If a line below falls between the line with "Person wearing a" and the line with "Patty Hearst Robbing", or is one of those two, output it exactly; output nothing else and no pictures.
- - - -
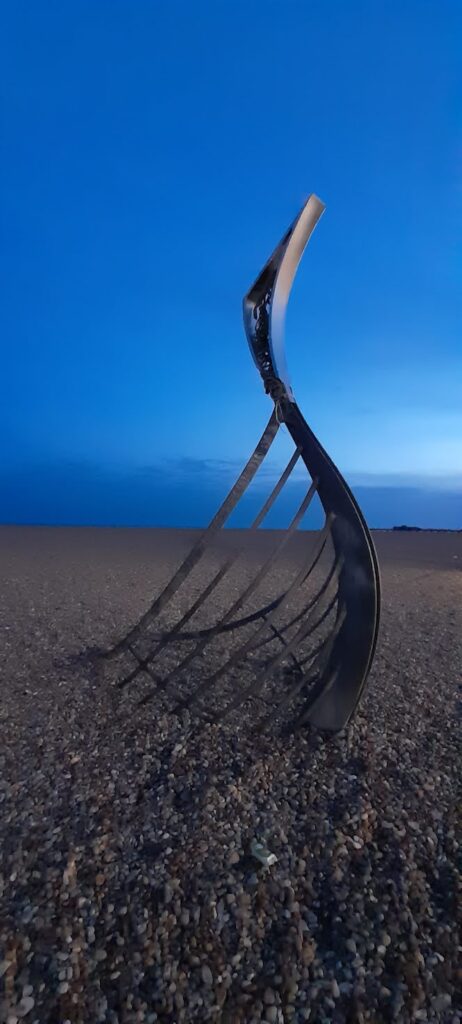 The sharp, upward sweep of the steel prow sculpture on the seafront stands as a bold, modern reminder of the vessels that once cut through these waters to reshape the course of our history.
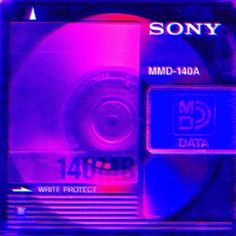 a compact disk drive with the word sony printed on it in red and blue colors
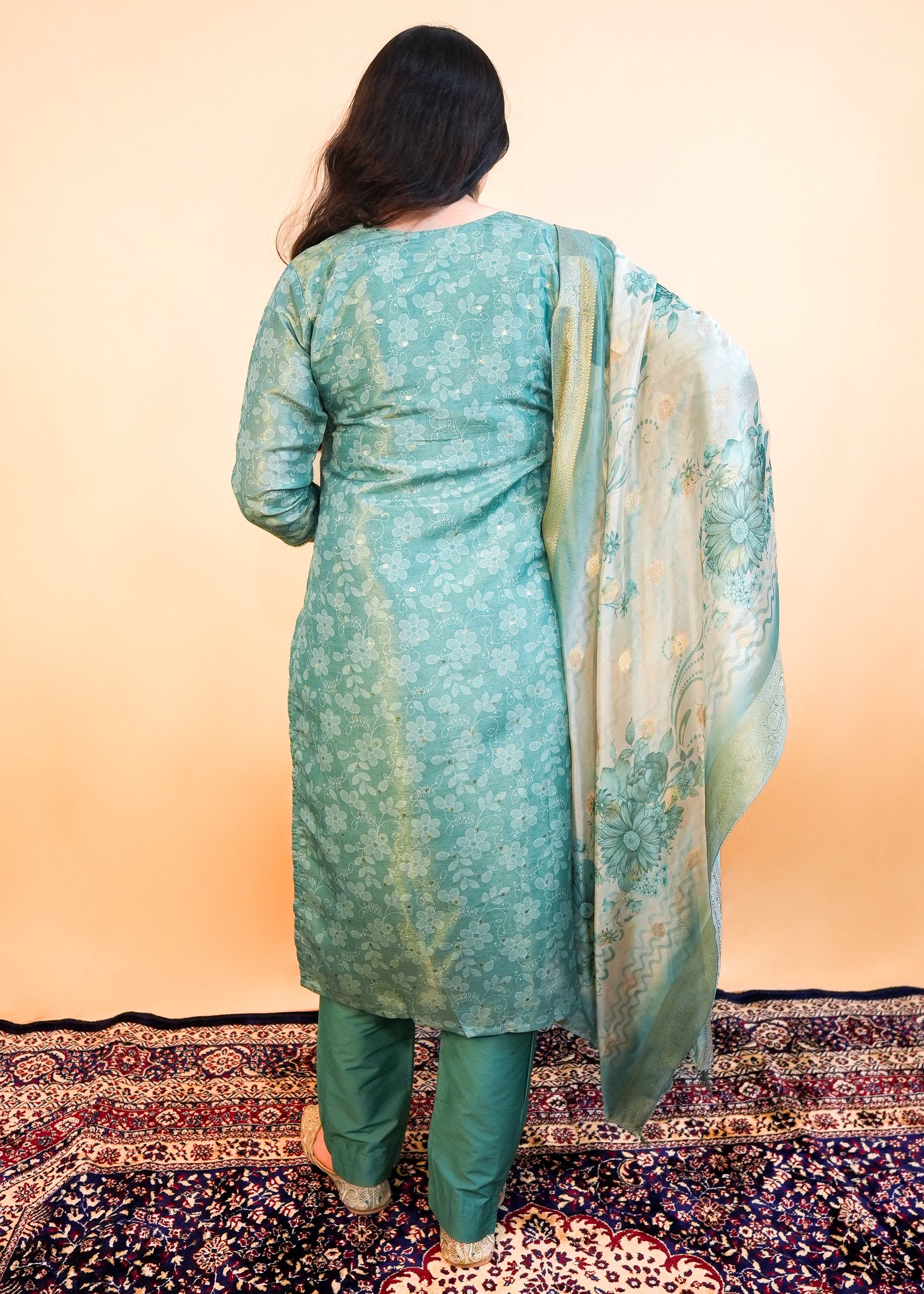 Person wearing a teal traditional outfit with a patterned shawl on a decorative rug.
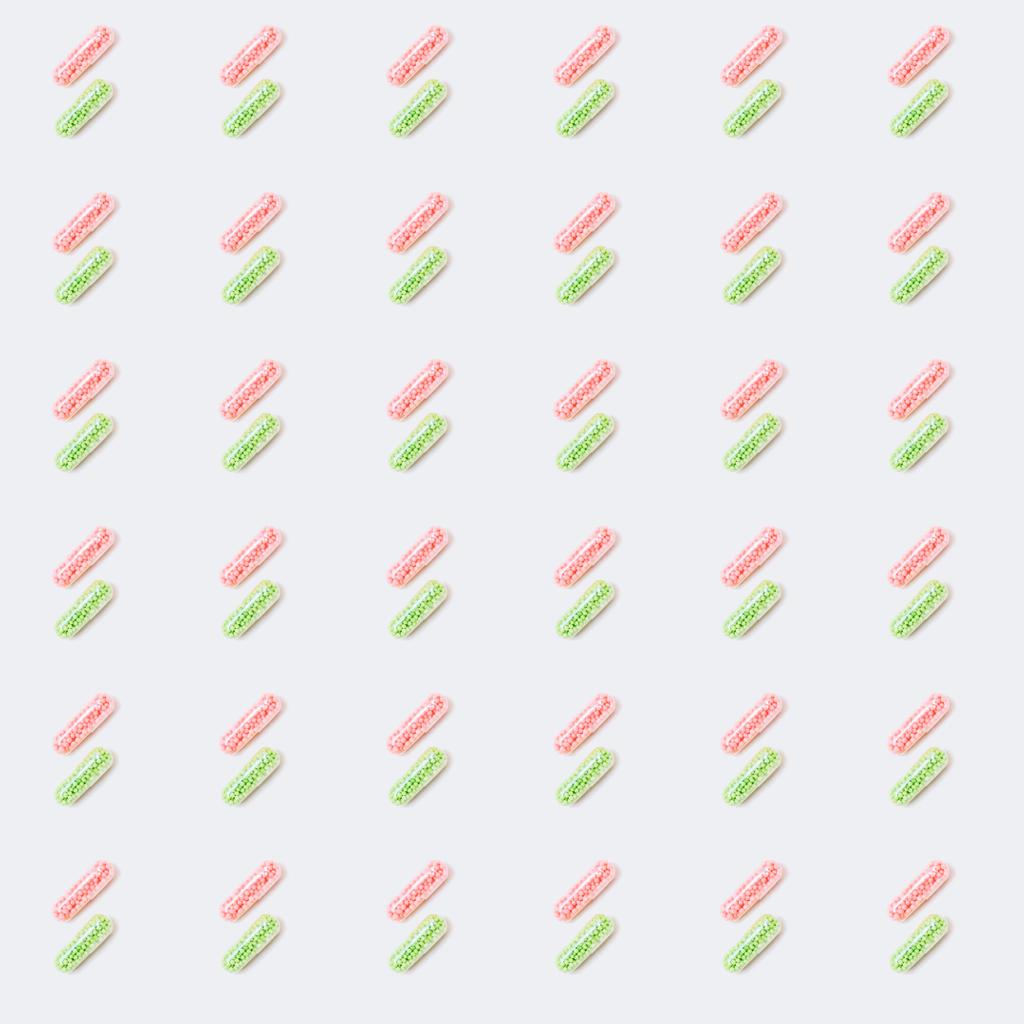 patrón sin costuras de cápsulas médicas de color rosa y verde en blanco
 - Foto, Imagen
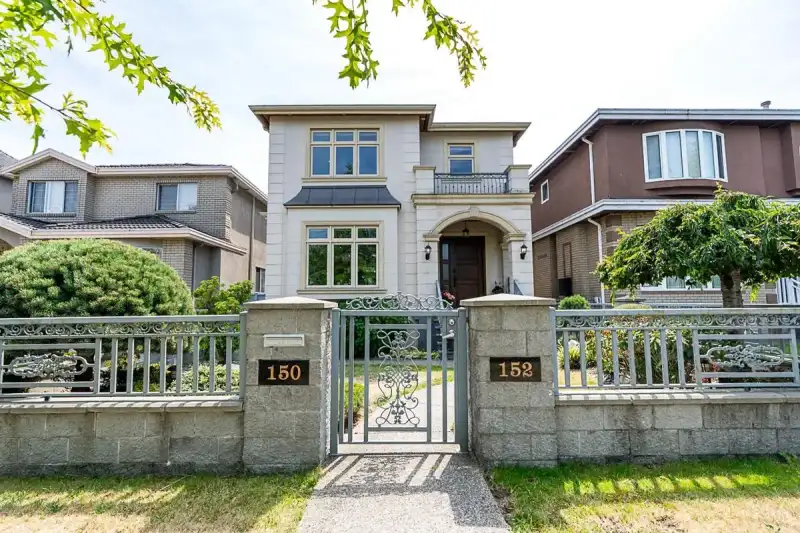 152 W 48TH AVENUE - photo 1 of 39
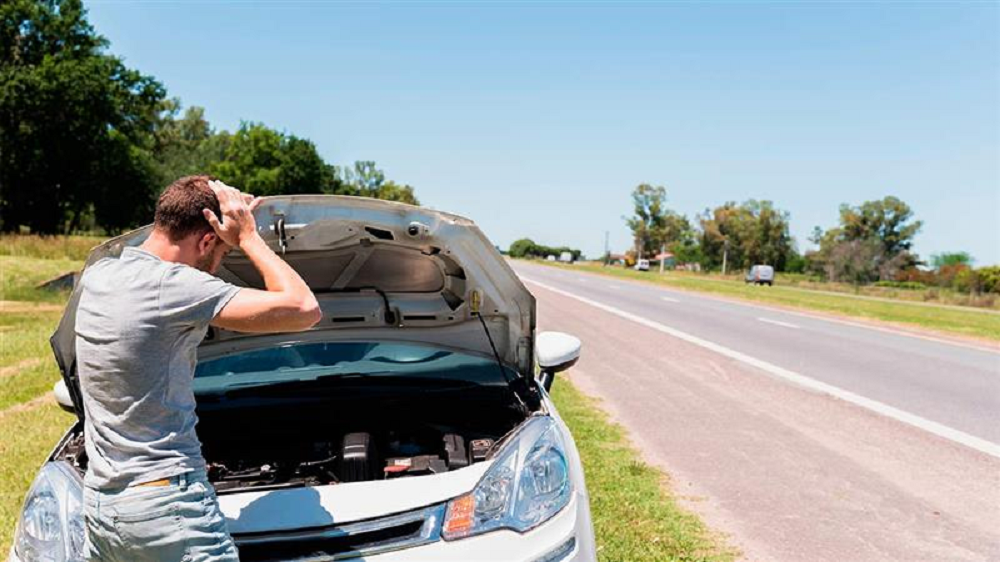 Homem de costas, na estrada, com as mãos na cabeça, com o carro aberto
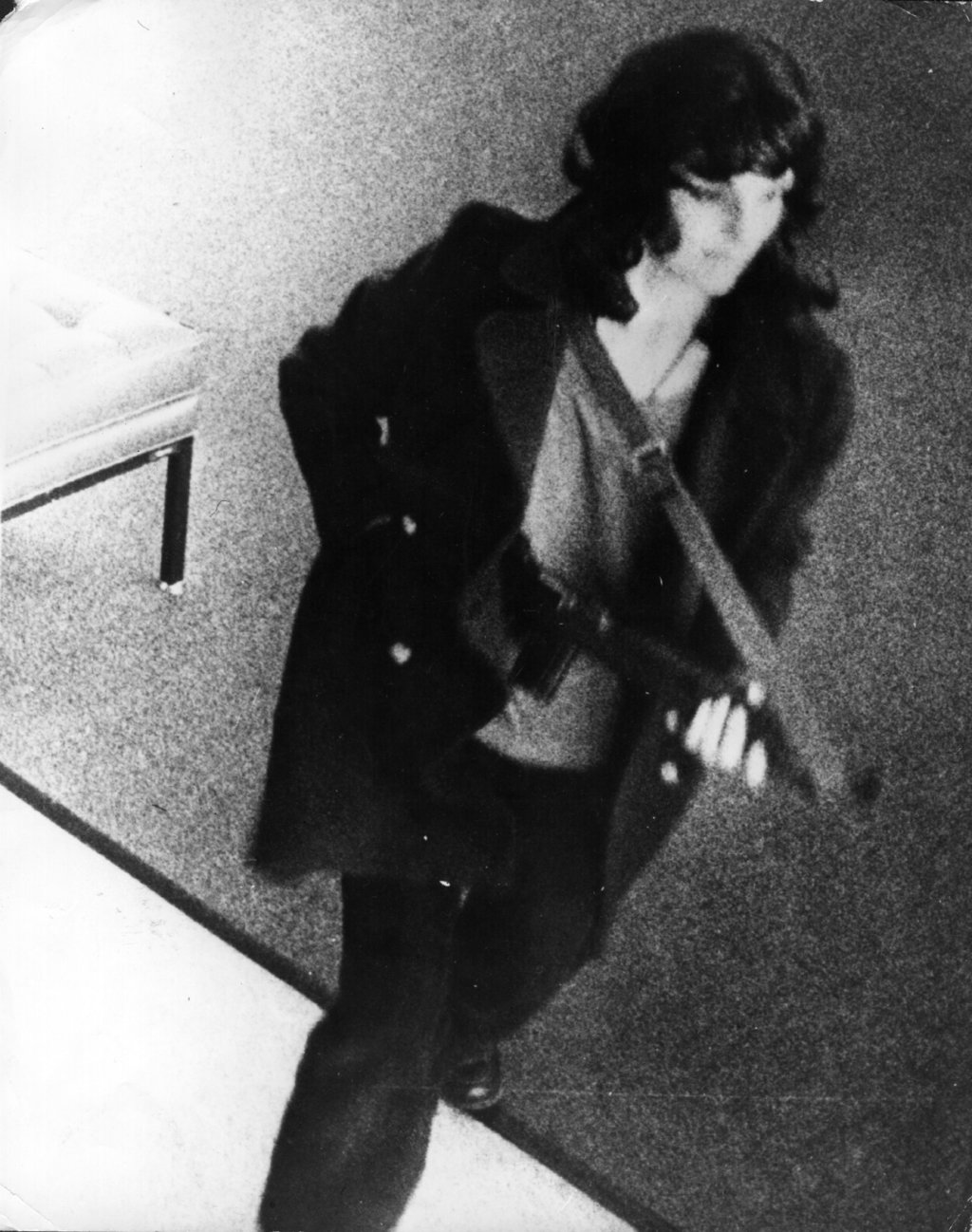 Patty Hearst Robbing the Sunset District branch of the Hibernia Bank in San Francisco at 9:40 A.M. April 15, 1974. Her and the Symbionese Liberation Army (S.L.A.) were in the bank for 4min.

Patricia Hearst Shaw, is the granddaughter of American publishing magnate William Randolph Hearst. She became nationally known for events following her 1974 kidnapping while she was a 19-year-old student living in Berkeley, California. Hearst was abducted by a left-wing terrorist group known as the Symbionese Liberation Army. After being isolated and threatened with death, she became supportive of their cause, making propaganda announcements for them and taking part in illegal activities. Hearst was found 19 months after her kidnapping, by which time she was a fugitive wanted for serious crimes. She was held in custody, despite speculation that her family’s resources would prevent her spending time in jail. At her trial, the prosecution suggested that she had joined the Symbionese Liberation Army of her own volition, and sexual activities between her and SLA members had not amounted to rape. She was found guilty of bank robbery. Hearst’s sentence was commuted by President Jimmy Carter, and she was pardoned by President Bill Clinton.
- - - -
Result of this exercise:
 Person wearing a teal traditional outfit with a patterned shawl on a decorative rug.
 patrón sin costuras de cápsulas médicas de color rosa y verde en blanco
 - Foto, Imagen
 152 W 48TH AVENUE - photo 1 of 39
 Homem de costas, na estrada, com as mãos na cabeça, com o carro aberto
 Patty Hearst Robbing the Sunset District branch of the Hibernia Bank in San Francisco at 9:40 A.M. April 15, 1974. Her and the Symbionese Liberation Army (S.L.A.) were in the bank for 4min.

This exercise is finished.